Now imagine you were talking to an excellent person, and you found out that they are merely students of a great teacher--their teacher is yet greater than they. Much respect and awe would be given to their teacher.

Something interesting happened in that theoretical exchange, and it rests at the very core of my argument. That person is viewed as great. But their teacher is viewed as greater--why? They testified, upon their reputation, that their teacher is greater than they. So then, the student is a testimony of the teacher. A reflection, if you will.

In very much the same way, the imagery used in the Bible of the slave and his master communicate the same pathos. There's a very important social instutition in the ancient Mediterranean world called patronage. This was the part that sparked this entry. Patronage is just about as complex as honor, so I'll once again draw the most relevant parts out, and leave the rest for your own discovery.

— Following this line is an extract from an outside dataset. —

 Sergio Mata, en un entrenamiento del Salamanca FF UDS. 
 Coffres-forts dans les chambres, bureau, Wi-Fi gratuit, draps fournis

There were two main parties in patronage: the patron, which is the rich guy, and the client, which is the not-so-rich guy. The patron typically had more resources than he needed; lots to go around. The client might recieve resources from the patron (this is called giving favor). If the client's petition for favor was granted, a potentially long-term relationship might be entered into. This is not a deeply intimate relationship as the modern usage suggests, but it was more of a business affair. (When you see the word 'friend' in the New Testament, it means 'client'.) One of the things the client would do, to show his/her gratitude, is make known the generosity of the patron. This is the testimony of the client.

Consider another form of testimony--the unspoken kind. Let's once again go back to the student-teacher idea. The point I want to make is more obvious with first-century rabbis and their teaching methods. A student who wanted to learn from a rabbi would not come once-a-week and sit in classes. He would go and follow the rabbi, observe his ways, his methods, and learn to 'be' a rabbi. Then suppose we met this student, and found him to be excellent. He is knowledgeable, wise, caring, strong... that would say much about his rabbi.

It is with this basic understanding that we can see that the excellence of a servant is a glorifying reflection of the master.

Thus, your excellence is a glorifying reflection of your Master.